BAXTER STATE PARK — A helicopter was used Monday to airlift a Texas man off Mount Katahdin after a heavy rock fell and seriously injured him, Baxter State Park director Jensen Bissell said.

“Helicopter evacuations are only applied in cases of serious concern,” the park director said. “If this patient had a non-life threatening lower extremity injury, we would have implemented a litter evacuation. In this case, a litter evac would have required 30 to 40 volunteers and would have taken 18 hours or more to complete.”
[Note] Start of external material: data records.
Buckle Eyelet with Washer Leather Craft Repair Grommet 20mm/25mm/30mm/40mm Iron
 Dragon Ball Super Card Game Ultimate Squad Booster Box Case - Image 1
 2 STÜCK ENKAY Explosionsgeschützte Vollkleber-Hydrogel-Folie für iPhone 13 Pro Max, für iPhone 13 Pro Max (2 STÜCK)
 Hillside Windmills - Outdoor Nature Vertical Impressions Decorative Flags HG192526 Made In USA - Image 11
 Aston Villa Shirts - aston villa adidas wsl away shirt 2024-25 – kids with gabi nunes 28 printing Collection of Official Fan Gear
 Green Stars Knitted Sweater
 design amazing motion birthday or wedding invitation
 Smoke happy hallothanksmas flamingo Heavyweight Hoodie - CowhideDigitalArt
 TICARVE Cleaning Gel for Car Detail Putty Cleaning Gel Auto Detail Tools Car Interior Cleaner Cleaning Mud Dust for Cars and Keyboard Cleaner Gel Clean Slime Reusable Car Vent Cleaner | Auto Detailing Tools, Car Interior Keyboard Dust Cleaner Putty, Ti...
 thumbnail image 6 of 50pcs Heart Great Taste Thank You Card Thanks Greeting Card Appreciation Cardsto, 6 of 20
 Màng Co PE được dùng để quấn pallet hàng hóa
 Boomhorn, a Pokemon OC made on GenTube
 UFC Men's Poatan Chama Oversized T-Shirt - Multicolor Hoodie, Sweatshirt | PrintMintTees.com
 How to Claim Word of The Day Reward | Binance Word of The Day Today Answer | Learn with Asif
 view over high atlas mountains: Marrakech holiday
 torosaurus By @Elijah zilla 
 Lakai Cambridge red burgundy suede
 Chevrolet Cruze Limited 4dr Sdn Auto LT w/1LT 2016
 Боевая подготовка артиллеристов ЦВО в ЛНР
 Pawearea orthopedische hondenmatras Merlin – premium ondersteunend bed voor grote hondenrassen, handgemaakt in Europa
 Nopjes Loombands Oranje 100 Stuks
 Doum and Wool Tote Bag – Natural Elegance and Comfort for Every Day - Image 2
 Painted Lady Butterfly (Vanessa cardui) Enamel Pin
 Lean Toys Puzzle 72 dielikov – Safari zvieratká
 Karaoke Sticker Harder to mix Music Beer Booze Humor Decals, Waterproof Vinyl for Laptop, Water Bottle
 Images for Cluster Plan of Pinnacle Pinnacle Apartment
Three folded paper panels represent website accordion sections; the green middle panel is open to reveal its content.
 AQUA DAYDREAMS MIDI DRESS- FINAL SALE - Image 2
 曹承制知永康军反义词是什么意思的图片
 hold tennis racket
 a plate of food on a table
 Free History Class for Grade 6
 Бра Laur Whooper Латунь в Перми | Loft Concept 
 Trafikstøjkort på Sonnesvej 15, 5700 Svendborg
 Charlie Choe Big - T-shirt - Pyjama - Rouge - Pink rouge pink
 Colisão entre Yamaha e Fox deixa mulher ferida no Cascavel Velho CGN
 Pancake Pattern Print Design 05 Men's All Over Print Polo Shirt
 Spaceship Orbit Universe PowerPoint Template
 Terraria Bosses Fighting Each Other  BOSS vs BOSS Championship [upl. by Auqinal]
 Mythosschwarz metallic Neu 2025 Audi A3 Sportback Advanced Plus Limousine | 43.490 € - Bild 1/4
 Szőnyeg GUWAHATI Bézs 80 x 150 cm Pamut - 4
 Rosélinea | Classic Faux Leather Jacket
Ned Hamara, 62, who Bissell said he believes hiked the entire Appalachian Trail last year, suffered both upper and lower body injuries from a large rock falling on him, Bissell said.

Park rangers were alerted about the injury around noon by a 911 call from a concerned hiker. A ranger was dispatched from Katahdin Stream Campground to look for the injured hiker and called for assistance from a Maine Forest Service helicopter when Hamara was found approximately 3,900 feet up the mountain.

Hamara was transported by the Maine Forest Service, which used a short-haul system to remove him from the mountain, to Caribou Pit in Baxter State Park about 4 p.m., where an ambulance was waiting to take him to Millinocket Regional Hospital. He was later transported to Eastern Maine Medical Center in Bangor. His condition was not immediately available, a receptionist at the hospital said Monday night.